# [SOLVED] removing front cover on Dell Dimension E510



## jillocity (May 15, 2010)

not sure where this thread should go, but because it does involve the cooling system, thought i'd try it here...

there is significant dust/lint buildup in the screen on the front panel of the computer, and i need to remove the front panel to clean it...but i'm not sure HOW to remove the front cover, and don't want to make any mistakes.

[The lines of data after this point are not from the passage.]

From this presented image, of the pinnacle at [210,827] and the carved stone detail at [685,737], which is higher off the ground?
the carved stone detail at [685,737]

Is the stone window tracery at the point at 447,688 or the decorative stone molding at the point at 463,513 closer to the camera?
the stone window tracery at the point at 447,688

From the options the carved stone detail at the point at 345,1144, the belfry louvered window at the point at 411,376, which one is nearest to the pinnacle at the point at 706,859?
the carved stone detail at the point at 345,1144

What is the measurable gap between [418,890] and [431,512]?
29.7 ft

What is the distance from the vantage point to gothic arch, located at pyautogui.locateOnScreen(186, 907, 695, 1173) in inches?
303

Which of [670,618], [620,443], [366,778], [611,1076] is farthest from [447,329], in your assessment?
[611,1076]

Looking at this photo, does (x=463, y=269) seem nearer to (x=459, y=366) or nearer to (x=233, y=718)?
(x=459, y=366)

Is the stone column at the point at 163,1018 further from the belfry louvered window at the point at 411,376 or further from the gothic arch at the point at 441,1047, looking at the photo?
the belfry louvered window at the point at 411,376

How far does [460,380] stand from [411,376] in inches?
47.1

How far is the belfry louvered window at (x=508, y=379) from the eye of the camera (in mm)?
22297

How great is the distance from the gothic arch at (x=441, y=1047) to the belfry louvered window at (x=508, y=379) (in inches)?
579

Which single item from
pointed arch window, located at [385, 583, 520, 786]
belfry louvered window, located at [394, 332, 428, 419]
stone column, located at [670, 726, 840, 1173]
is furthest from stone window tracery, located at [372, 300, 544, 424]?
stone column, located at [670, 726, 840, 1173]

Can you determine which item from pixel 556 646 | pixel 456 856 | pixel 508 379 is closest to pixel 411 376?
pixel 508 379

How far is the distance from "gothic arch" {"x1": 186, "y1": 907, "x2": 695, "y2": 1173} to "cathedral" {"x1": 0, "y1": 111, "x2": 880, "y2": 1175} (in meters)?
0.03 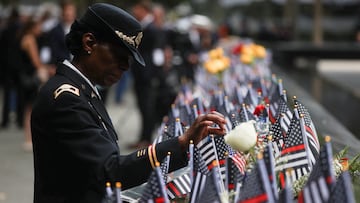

all help gratefully received...pics of front panel attached...one showing cover off and one just showing the screen where the dust/lint build-up is...

thanks :flowers:


----------



## Burto87 (Aug 24, 2011)

Does it look like it can come off? If it can have a look on the other side of the front panel to see if there are any screws or plastic clips that can be release to allow the front panel to be removed. If not, can you get your hand in behind there to clean it?


----------



## JimE (Apr 16, 2009)

*Re: removing front cover on Dell Dimension E510*

I've not seen one in person, but based on the shape, I'd say it doesn't come off. In any event, it doesn't really need to come off. I clean all of my cases using compressed air. Simply remove the side (as pictured) and you can clean pretty much the whole inside. Hold the fans to keep them from spinning. Aside from that, it's pretty easy.


----------



## Tyree (May 10, 2009)

*Re: removing front cover on Dell Dimension E510*

Most OEM case do not have removable front panels.
Use compressed air to clean and use a non-metallic object to prevent the fans from spinning to avoid damage.


----------



## ShellyJoy83 (Mar 15, 2013)

*Re: removing front cover on Dell Dimension E510*

Hear is the pdf manual for removing the front panel
Go to the page 31
download pdf from the following link
http://ftp.dell.com/Manuals/all-pro...tops/dimension-5150x_Service Manual_en-us.pdf


----------